Le député André Chassaigne, habitué du sujet, s’est lui aussi alarmé de la situation le mois dernier :
« Certains administrés ne possèdent aucune ligne de téléphonie, qu'elle soit fixe ou mobile, et n'utilisent que la cabine téléphonique de leur commune. De plus, de nombreuses zones blanches, ou couvertes par intermittence, subsistent en matière de téléphonie mobile, majoritairement situées dans les zones rurales où les opérateurs jugent peu rentable l'implantation de relais de téléphonie. Dans certaines zones touristiques, la fréquentation saisonnière arrive à saturer les relais, induisant une inaccessibilité au réseau de téléphonie mobile. L'obsolescence du réseau « cuivre » impacte également de manière substantielle la qualité du réseau Internet et fixe. Elle se conjugue avec l'arrivée des nouvelles technologies, des infrastructures devenant aujourd'hui des éléments perturbateurs. Le réseau satellitaire arrive lui aussi à saturation. »
Les élus veulent plus de concertation avec les communes
Sans remettre frontalement en cause ces nouvelles dispositions législatives, les parlementaires en appellent à davantage de dialogue avec les territoires concernés, afin que le démantèlement de cabines téléphoniques soit étudié au cas par cas. Si André Chassaigne demande au gouvernement « d'exiger une concertation systématique avec les élus et les administrés avant toute suppression de cabine téléphonique », Jean-Paul Fournier voudrait que l’exécutif travaille « à une application adaptée de cette mesure dans les territoires ruraux, afin qu'elle se fasse en concertation avec les maires et que la couverture de l'ensemble des territoires soit plus rapide que le temps pris à retirer l'ensemble de ces équipements ».

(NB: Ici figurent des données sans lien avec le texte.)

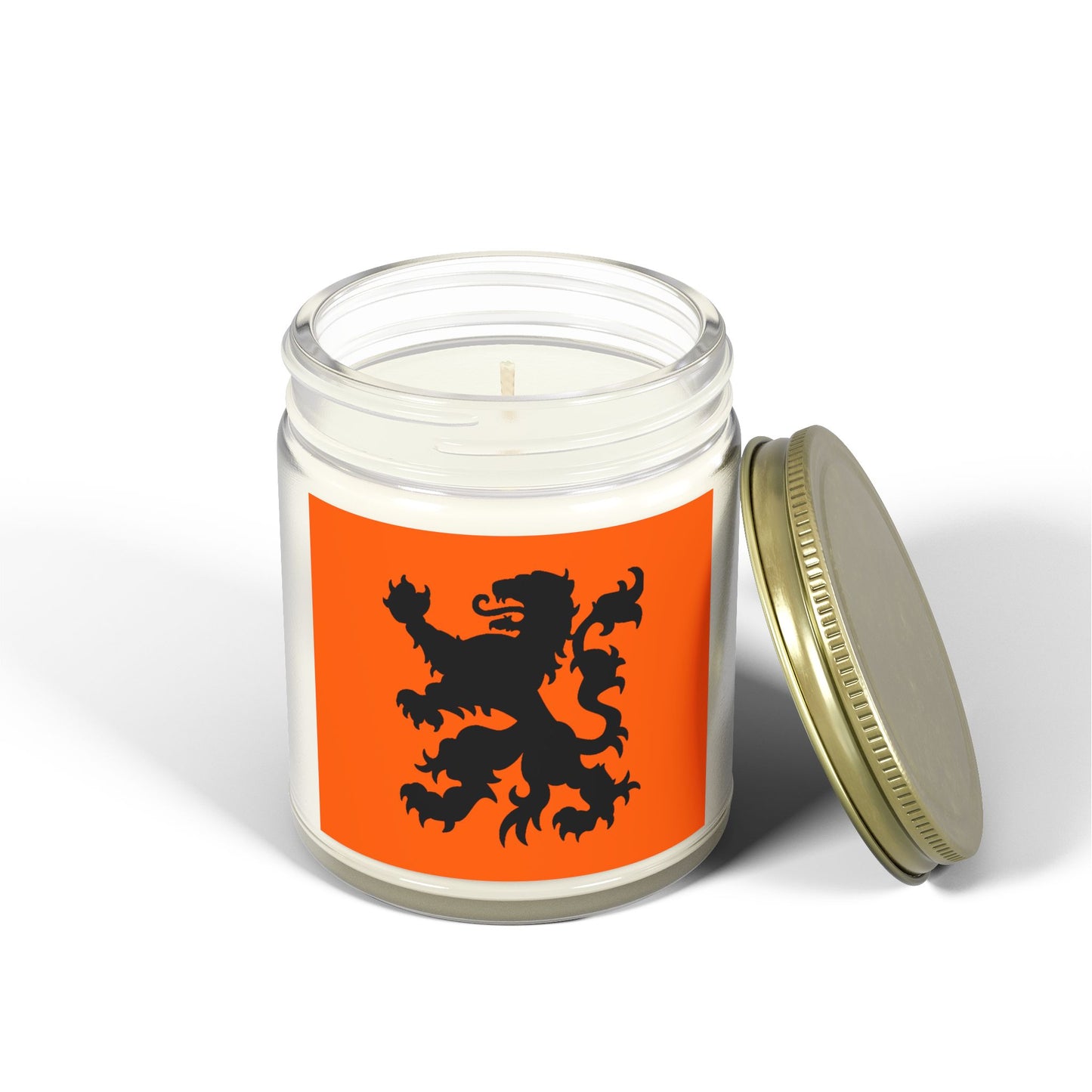 Schijn een Dutch lichtje op mij - Scented Candle: Cozy Home Vibes, Relaxing Gift, Aromatherapy, Orange Lion Design, Unique Decor, Housewarming, Self-Care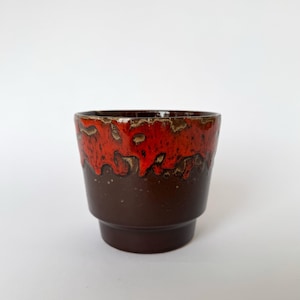 Vintage MCM handmade ceramic fat lava pottery flower planter Mid Century Modern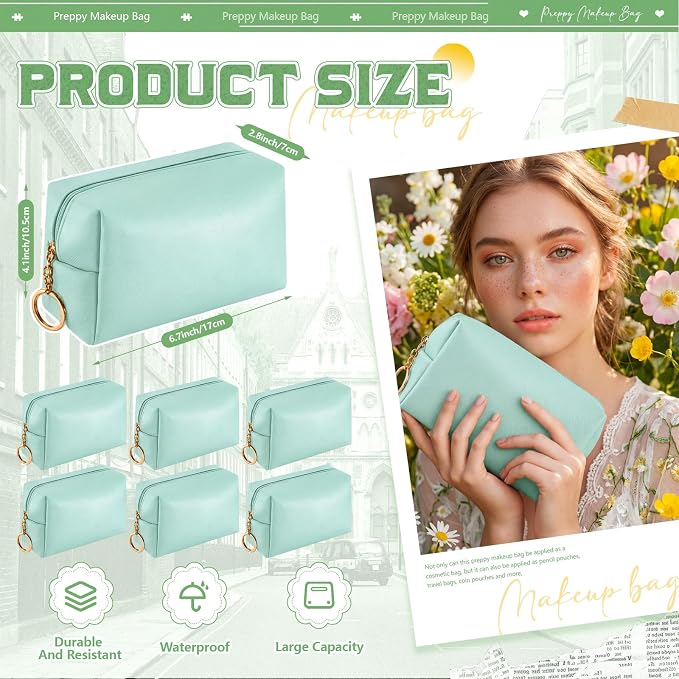 Chunful 24 Pcs Preppy Makeup Bag PU Leather Cosmetic Bag Bulk Makeup Plain Pouch Waterproof Toiletry Purse for Women Traveling Preppy Pencil Case Valentine's Day Gifts (Mint Green) - Image 2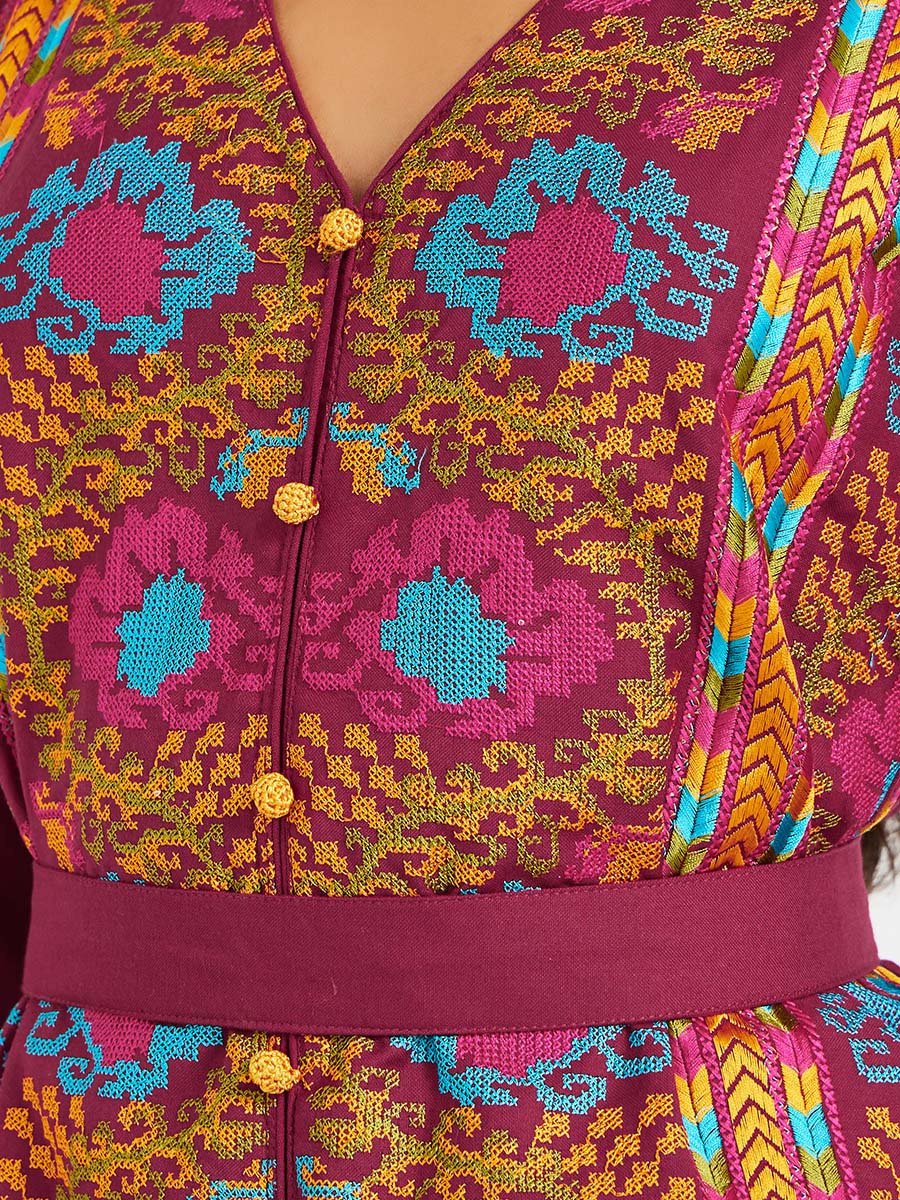 Embroidered V Neck Belted Jalabiya 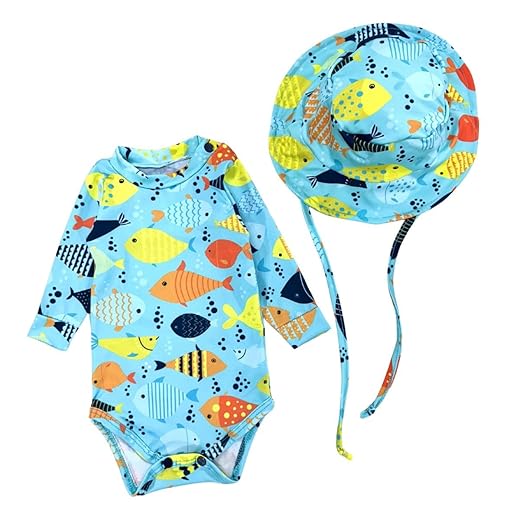 Kit Body + Chapéu Bebê Proteção Solar Praia Piscina Verão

Invité surprise de l'avant-projet de loi numérique
Si Bercy n’a pas encore donné suite à ces interpellations, rappelons que le gouvernement devrait très bientôt se positionner sur le sujet. Lors de la consultation relative à l’avant-projet de loi numérique d’Axelle Lemaire, l’association « Perdons pas le fil » a proposé de réintégrer dans les obligations du service universel la mise à disposition de points d'accès publics au service téléphonique « utilisant uniquement la technologie filaire ». Et ce « à raison d'un point d'accès minimum, sur chaque commune, hameau, bourg, quartier, arrondissement, service des urgences d'hôpital – ou structure de soins équivalente, gare, aéroport, parking et aire d'autoroute et de quatre voies ».

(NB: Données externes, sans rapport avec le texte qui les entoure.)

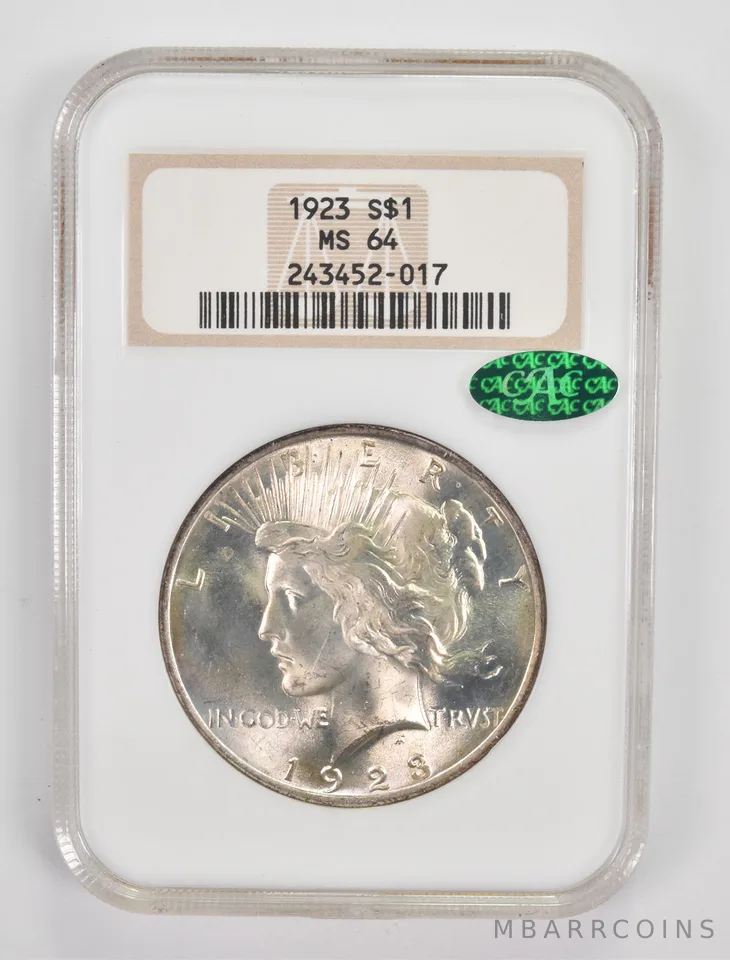 MS64 1923 Peace Silver Dollar CAC NGC *0040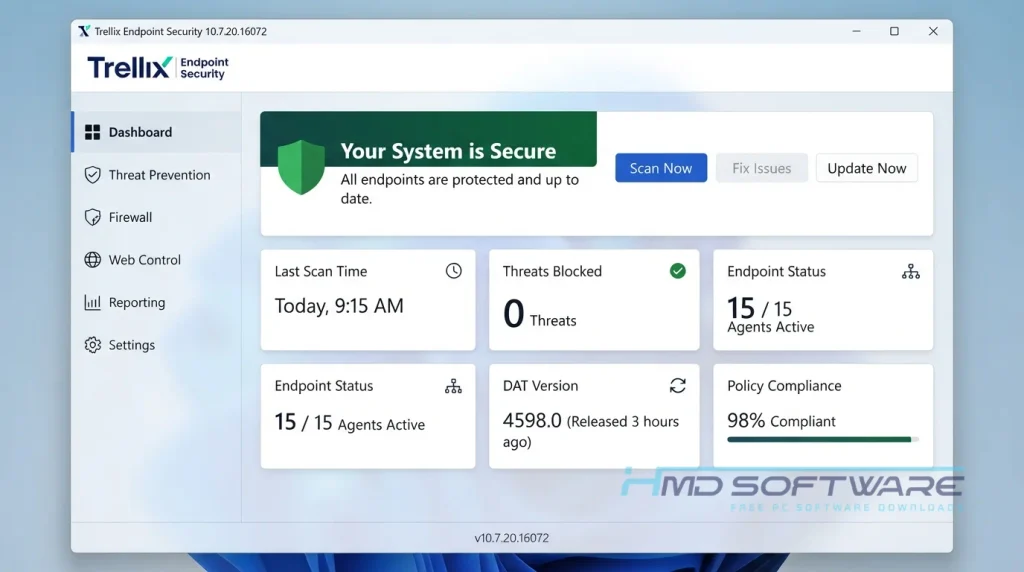Trellix Endpoint Security 10.7.20.16072 Dashboard interface By HMD Software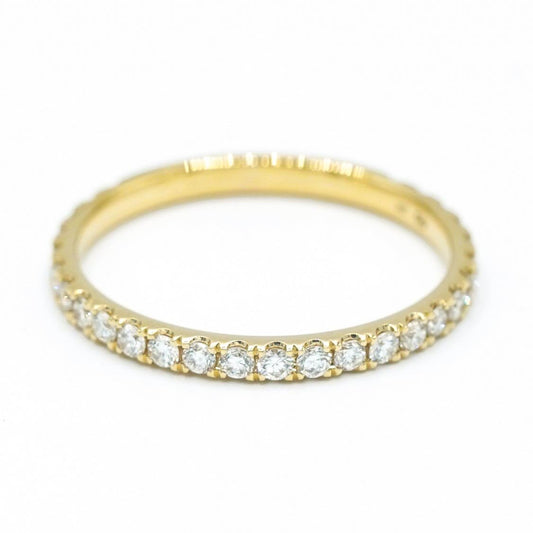 Custom 18k yellow gold 2mm wide lab grown diamond band, 3/4 way around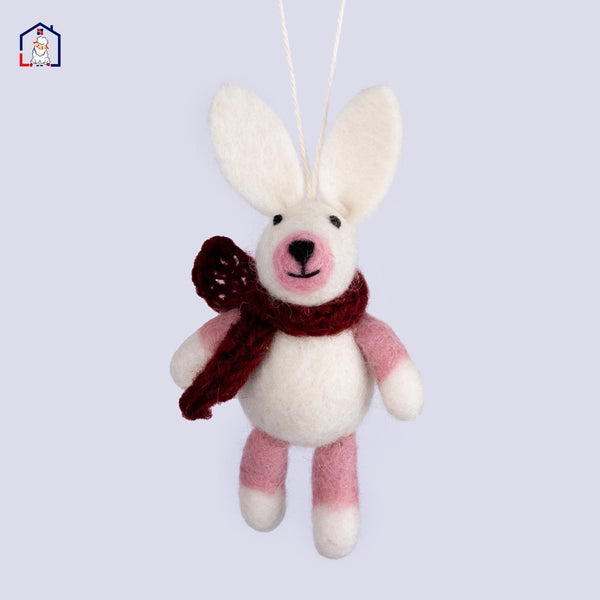 Wool Felt Bunny (White & pink) Christmas Ornament – Handmade in Nepal (Single/Pair/Set of 5) christmas_wall_decor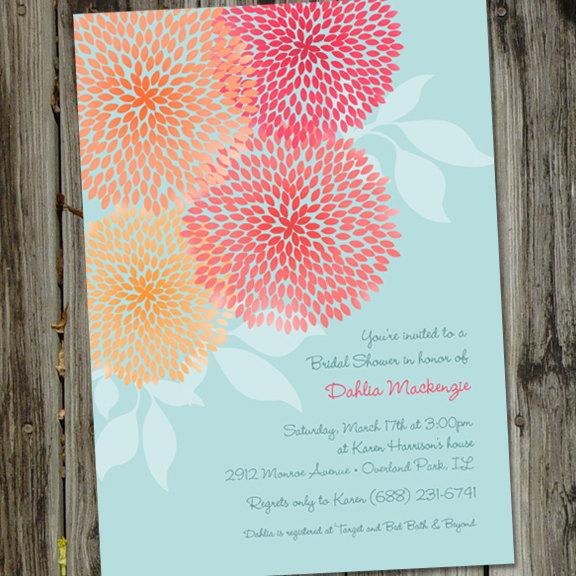 Hochzeit - Beautiful Turquoise and Crimson Dahlias Bridal Shower Invitation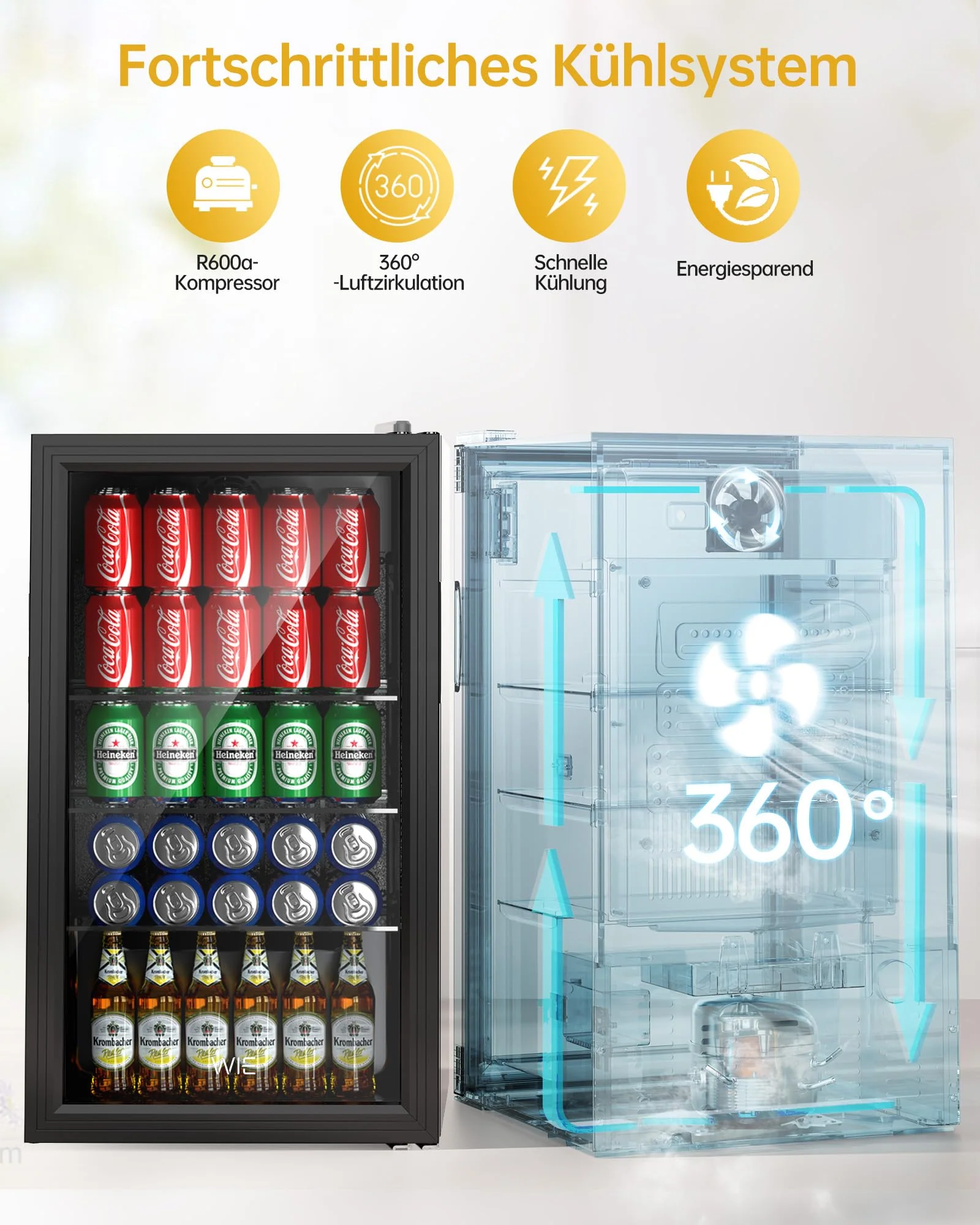 WIE Getränkekühlschrank Mini Kühlschrank mit Doppelte Glastür mit Verstellbaren Ablagen Indoor Outdoor Klein Bierkühlschrank Wendetür Leise 86 Liter 120 Dosen für Soda/Bier für Zuhause/Küche/Bar/Büro - Image 5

Cette suggestion d’amendement, soutenue par plus de 800 internautes, fait partie des plus populaires de l’opération. Ses auteurs faisaient valoir que contrairement au réseau mobile, « les cabines et publiphones fonctionnent sur le réseau téléphonique filaire, réseau indépendant, qui reste actif, performant et disponible, en cas de coupure électrique » (due par exemple à une catastrophe naturelle ou à un attentat).